ARRL President Kay Craigie, N3KN, said 2010 “brought us some significant challenges, not all of which have yet been completely overcome, as well as opportunities that we will continue to explore in the future. In other countries of our hemisphere, the value of Amateur Radio and the courage of radio amateurs were shown once again when disasters struck.”
In legislative matters, Craigie said the ARRL “came tantalizingly close to getting our bill on the President’s desk in the session of Congress just concluded. The divisive atmosphere on Capitol Hill caused our bill and many others to stall. As soon as the Board has adopted the legislative goals for the new session of Congress, our work will begin again. The introduction of our electronic newsletter on legislative affairs and the expanded capabilities of the new ARRL website, in addition to work being done by volunteers in the field, will improve our chances of legislative success in the coming year.”
Craigie noted that ARRL members have said they want to know more about the ARRL’s advocacy on behalf of Amateur Radio: “Consequently, we are planning a short video summarizing the ARRL’s advocacy program -- encompassing regulation, legislation and litigation on the domestic side, and our work in cooperation with the International Amateur Radio Union on the international side. Drawing upon the expertise of volunteers and using the website’s options for video, we will develop an informative presentation for clubs and conventions. It will increase members’ awareness of the ARRL’s total advocacy program. In addition, it may increase their willingness to contribute to advocacy-related fund drives and to write to their Representatives and Senators in support of the League’s legislative objectives.
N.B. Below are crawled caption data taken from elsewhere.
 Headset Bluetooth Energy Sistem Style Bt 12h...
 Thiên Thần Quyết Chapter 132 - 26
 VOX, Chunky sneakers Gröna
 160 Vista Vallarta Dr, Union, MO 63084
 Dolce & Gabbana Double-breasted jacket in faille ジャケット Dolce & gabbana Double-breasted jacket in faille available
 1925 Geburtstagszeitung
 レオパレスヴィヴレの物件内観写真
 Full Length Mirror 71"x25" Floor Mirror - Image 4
This is not the only video we expect to produce in 2011. A number of departments within ARRL also have plans to create informative short videos on many topics of interest to members.”
According to Craigie, the evolving role of Amateur Radio in emergencies continues to be debated within the Amateur Radio family. “The need to keep Amateur Radio relevant to today’s disaster telecommunications environment has to be balanced with protecting our spectrum from encroachment by commercial entities,” she explained. “Recent changes in the FCC’s rules on emergency communications followed an intense and thoughtful discussion in which the League took a lead role. The ARRL continues to revise and improve our training courses for Amateur Radio emergency communicators. Combined with other training experiences, these courses prepare amateurs to do our best when the worst things happen.”
Sumner said that Amateur Radio faced challenges, not only in 2010, but in years to come, including commercial pressure on the radio spectrum, an inevitable decline in print advertising revenue, a compelling need to introduce a digital edition of our membership journal and the unavoidable impact of an aging membership base. “But we also have great strengths,” he explained, “and if we harness them effectively over the next few years, the ARRL and Amateur Radio will be well positioned for a bright second century -- at least as bright as their first.”
The 2010 ARRL Annual Report can be downloaded in its entirety from the ARRL website.